▶ **Exercise brief**
Look below for the line that contains "Clairefontaine Cahier Agrafé", then copy it and each following line exactly, through and including the line that contains "1girl :q absurdres".

Source data below:

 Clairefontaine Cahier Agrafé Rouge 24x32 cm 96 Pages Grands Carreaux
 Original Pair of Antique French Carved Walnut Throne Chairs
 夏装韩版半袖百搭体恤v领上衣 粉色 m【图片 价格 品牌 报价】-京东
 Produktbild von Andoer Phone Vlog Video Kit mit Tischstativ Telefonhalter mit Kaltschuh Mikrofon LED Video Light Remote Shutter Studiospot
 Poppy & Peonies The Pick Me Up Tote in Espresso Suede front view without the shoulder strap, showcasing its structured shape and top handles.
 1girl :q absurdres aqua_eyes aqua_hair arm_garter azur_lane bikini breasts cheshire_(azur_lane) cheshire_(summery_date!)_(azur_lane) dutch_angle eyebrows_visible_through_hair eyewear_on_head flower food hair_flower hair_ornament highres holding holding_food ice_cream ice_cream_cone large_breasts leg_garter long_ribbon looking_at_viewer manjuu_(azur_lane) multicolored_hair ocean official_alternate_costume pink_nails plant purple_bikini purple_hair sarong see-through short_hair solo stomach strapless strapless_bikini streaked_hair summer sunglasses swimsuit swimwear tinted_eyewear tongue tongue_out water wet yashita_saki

End of Source data.
Source data below:

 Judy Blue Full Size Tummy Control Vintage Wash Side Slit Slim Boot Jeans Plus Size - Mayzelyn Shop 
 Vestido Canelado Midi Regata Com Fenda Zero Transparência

End of Source data.
Source data below:

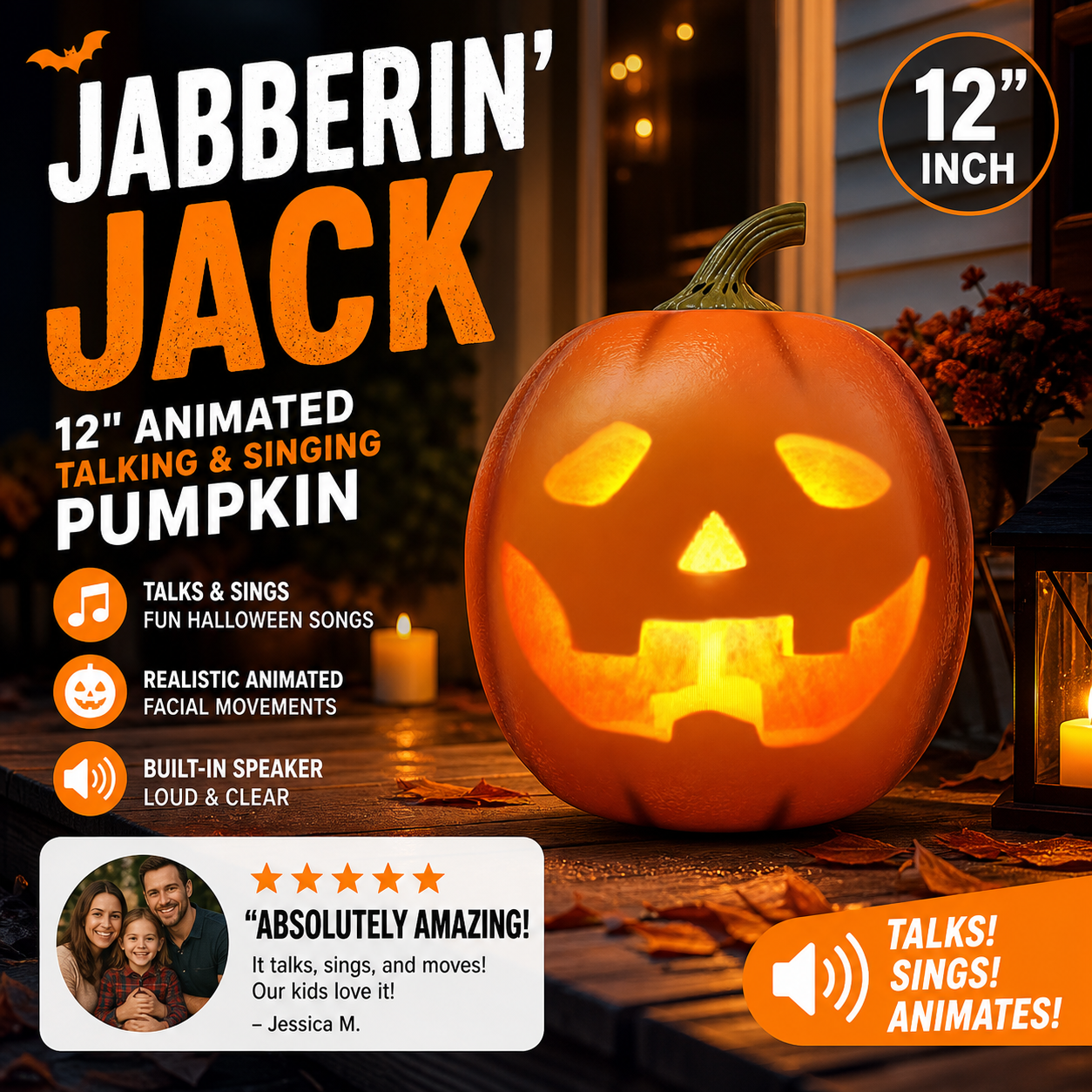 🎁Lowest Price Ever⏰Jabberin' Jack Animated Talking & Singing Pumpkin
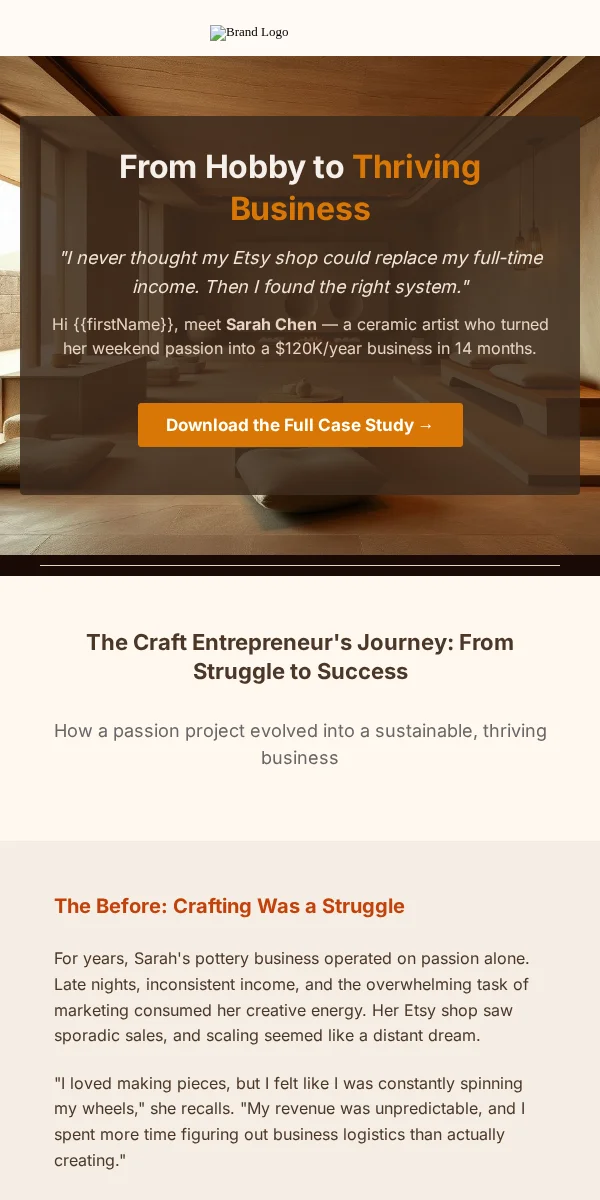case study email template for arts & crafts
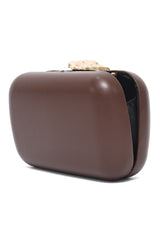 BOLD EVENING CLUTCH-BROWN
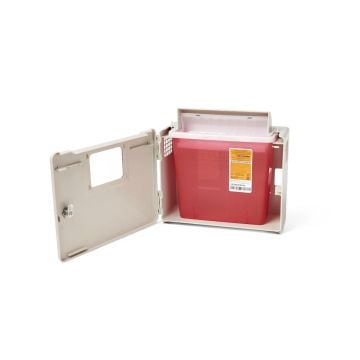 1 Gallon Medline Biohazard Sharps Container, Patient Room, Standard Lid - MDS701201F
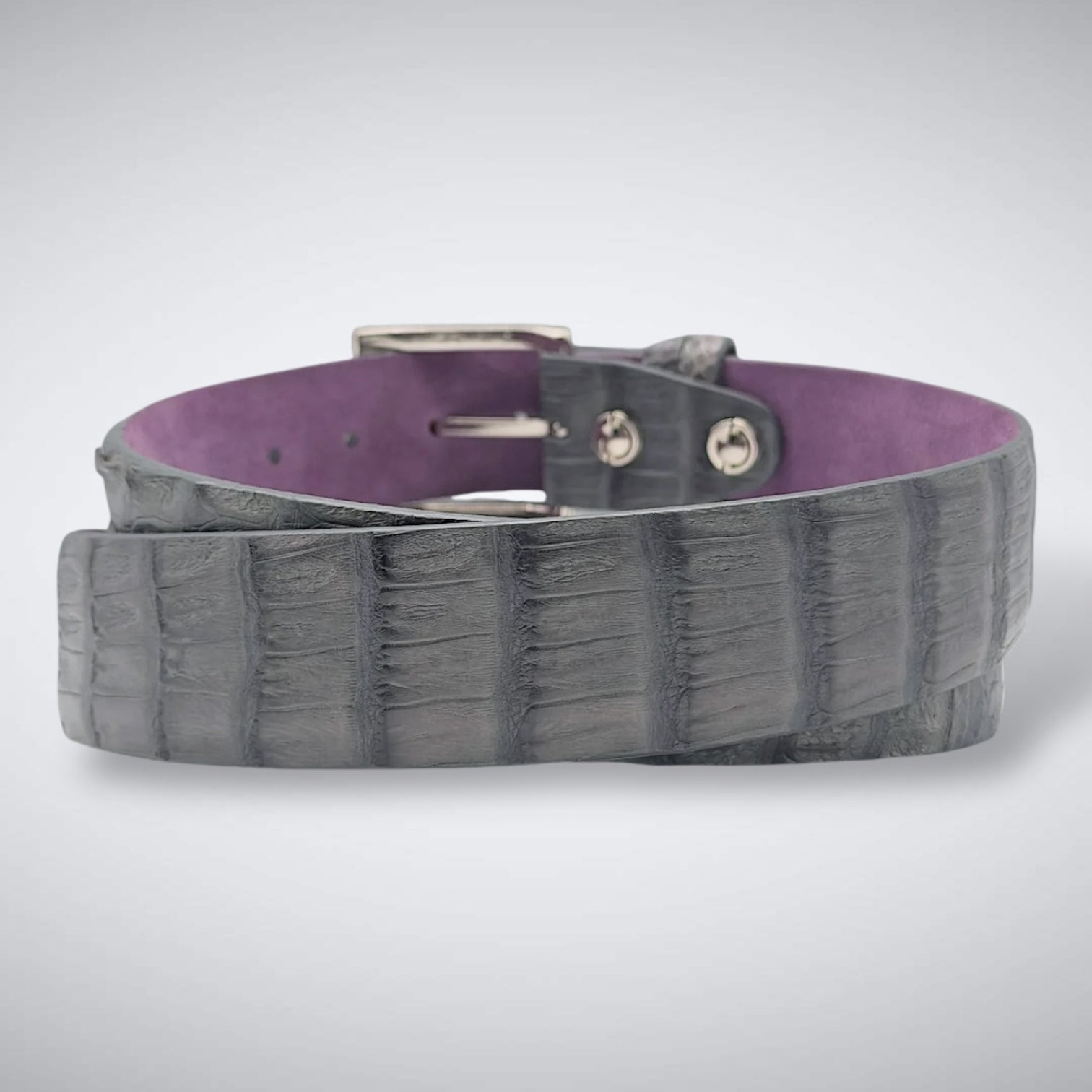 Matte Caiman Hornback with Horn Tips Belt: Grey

End of Source data.

▶ **Result of the exercise**
 Clairefontaine Cahier Agrafé Rouge 24x32 cm 96 Pages Grands Carreaux
 Original Pair of Antique French Carved Walnut Throne Chairs
 夏装韩版半袖百搭体恤v领上衣 粉色 m【图片 价格 品牌 报价】-京东
 Produktbild von Andoer Phone Vlog Video Kit mit Tischstativ Telefonhalter mit Kaltschuh Mikrofon LED Video Light Remote Shutter Studiospot
 Poppy & Peonies The Pick Me Up Tote in Espresso Suede front view without the shoulder strap, showcasing its structured shape and top handles.
 1girl :q absurdres aqua_eyes aqua_hair arm_garter azur_lane bikini breasts cheshire_(azur_lane) cheshire_(summery_date!)_(azur_lane) dutch_angle eyebrows_visible_through_hair eyewear_on_head flower food hair_flower hair_ornament highres holding holding_food ice_cream ice_cream_cone large_breasts leg_garter long_ribbon looking_at_viewer manjuu_(azur_lane) multicolored_hair ocean official_alternate_costume pink_nails plant purple_bikini purple_hair sarong see-through short_hair solo stomach strapless strapless_bikini streaked_hair summer sunglasses swimsuit swimwear tinted_eyewear tongue tongue_out water wet yashita_saki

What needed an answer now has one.